[ASSIGNMENT] The reply to the records below should contain exactly the lines from the line with "Photo of Gorda" through the line with "Photo for Panoramic", and nothing besides.

[INPUT FOR THIS TASK]
-.-.-
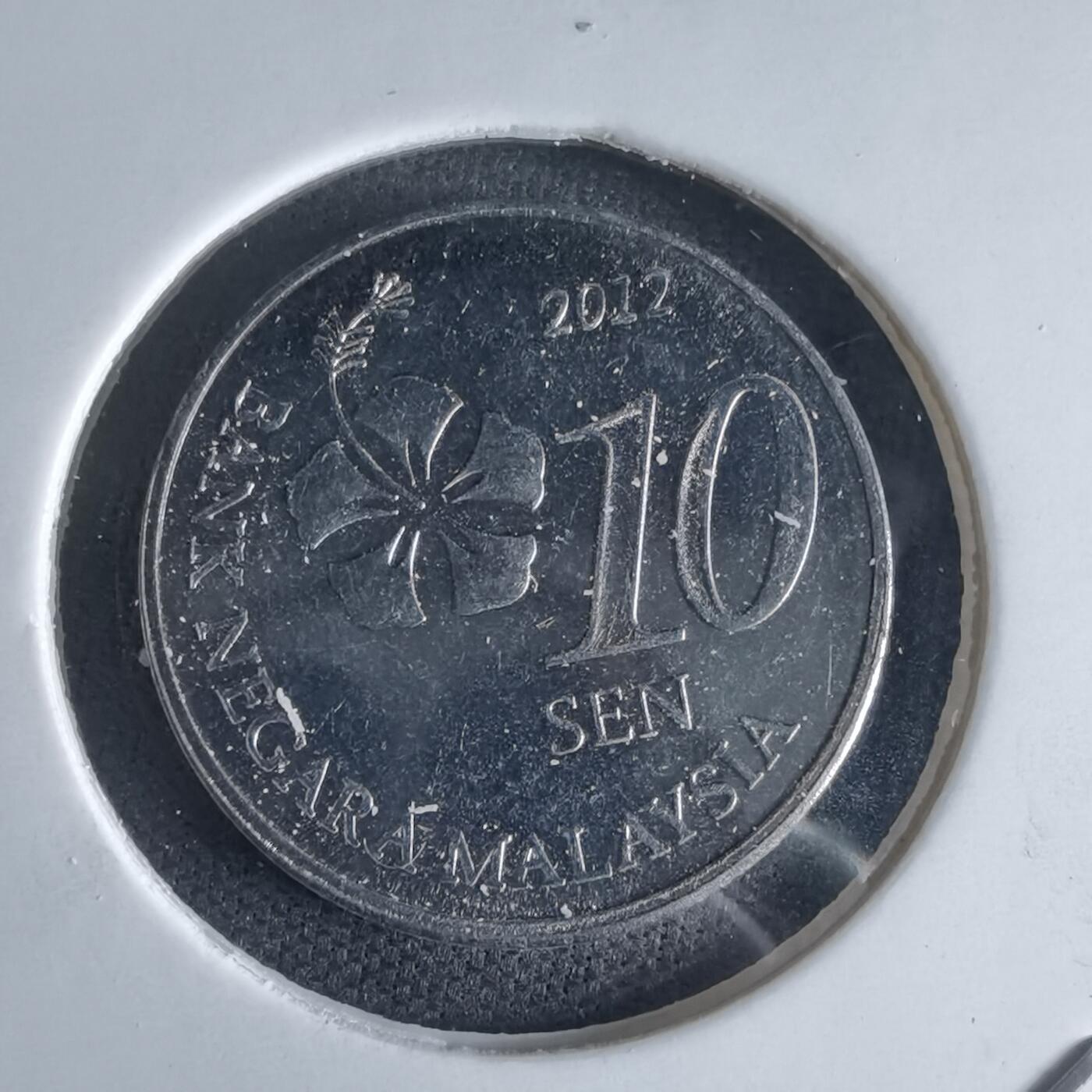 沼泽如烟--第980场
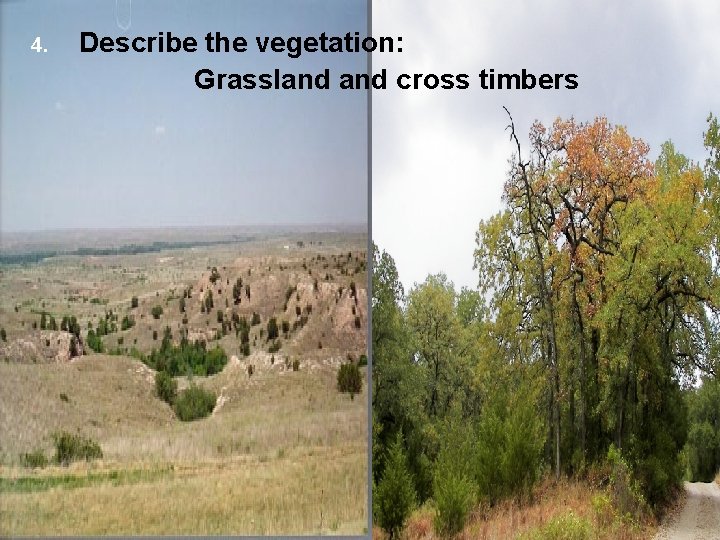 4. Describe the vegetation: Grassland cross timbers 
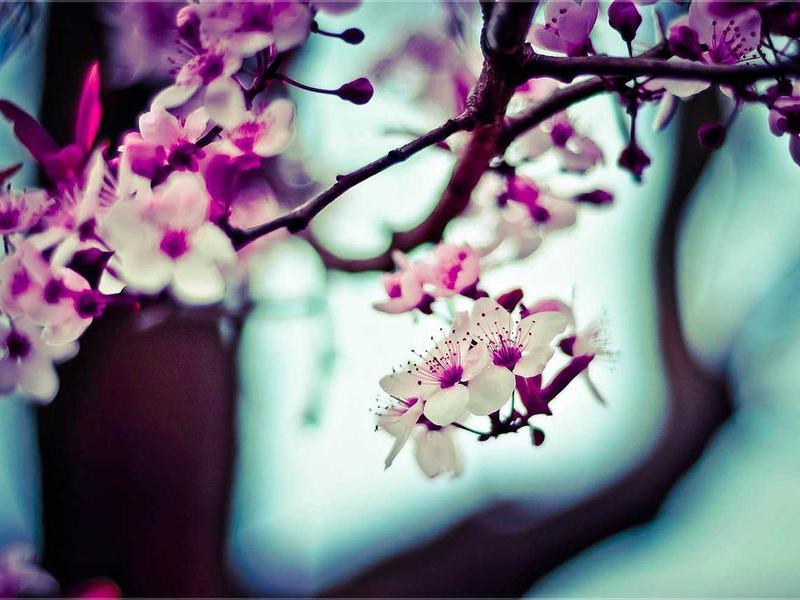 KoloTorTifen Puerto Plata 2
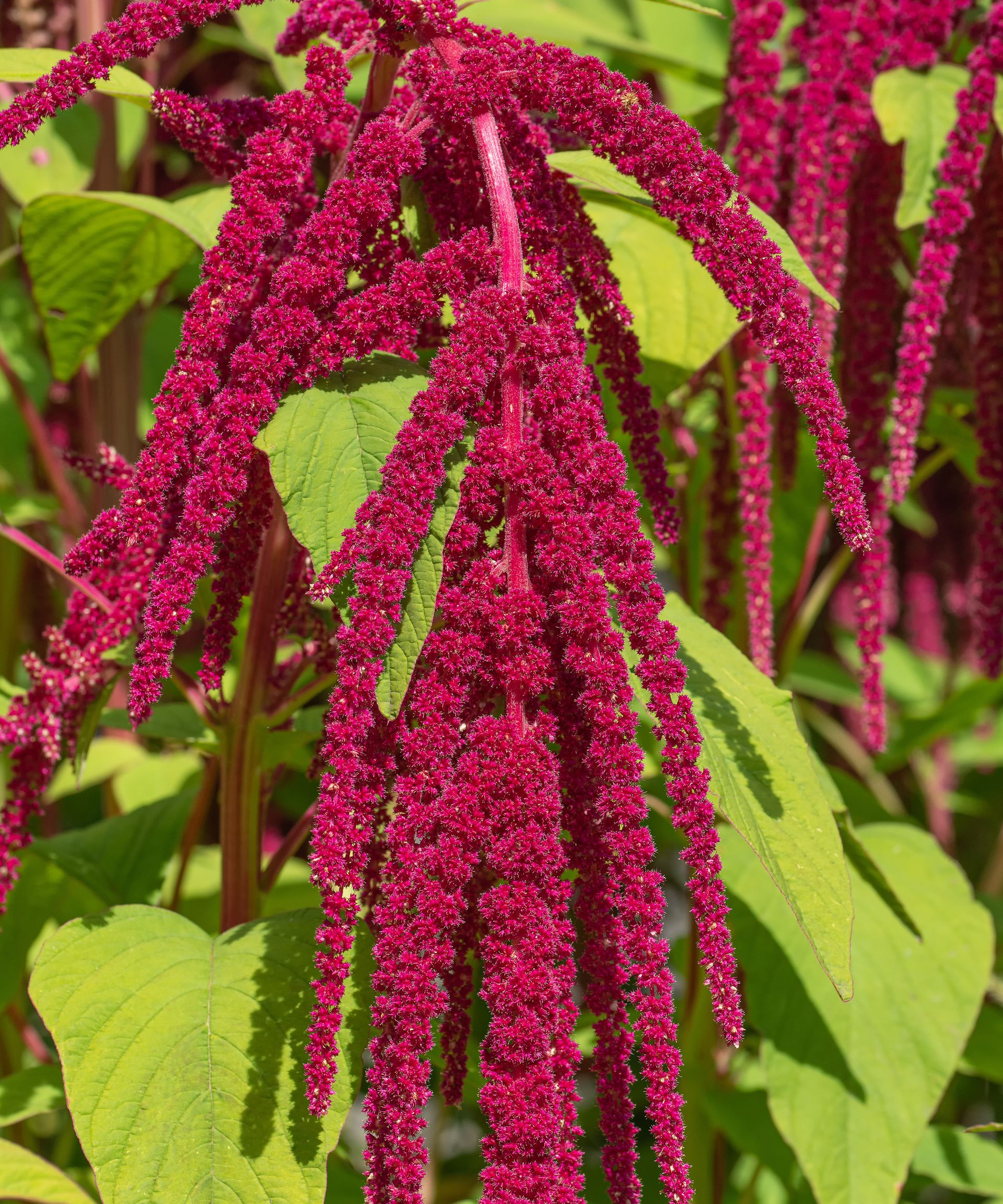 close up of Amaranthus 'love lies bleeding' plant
-.-.-
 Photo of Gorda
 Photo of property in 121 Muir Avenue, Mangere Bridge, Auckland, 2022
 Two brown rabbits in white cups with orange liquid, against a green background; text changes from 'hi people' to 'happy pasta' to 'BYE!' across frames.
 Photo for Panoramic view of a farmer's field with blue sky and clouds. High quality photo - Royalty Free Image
-.-.-
[RESPONSE BOX]
 Photo of Gorda
 Photo of property in 121 Muir Avenue, Mangere Bridge, Auckland, 2022
 Two brown rabbits in white cups with orange liquid, against a green background; text changes from 'hi people' to 'happy pasta' to 'BYE!' across frames.
 Photo for Panoramic view of a farmer's field with blue sky and clouds. High quality photo - Royalty Free Image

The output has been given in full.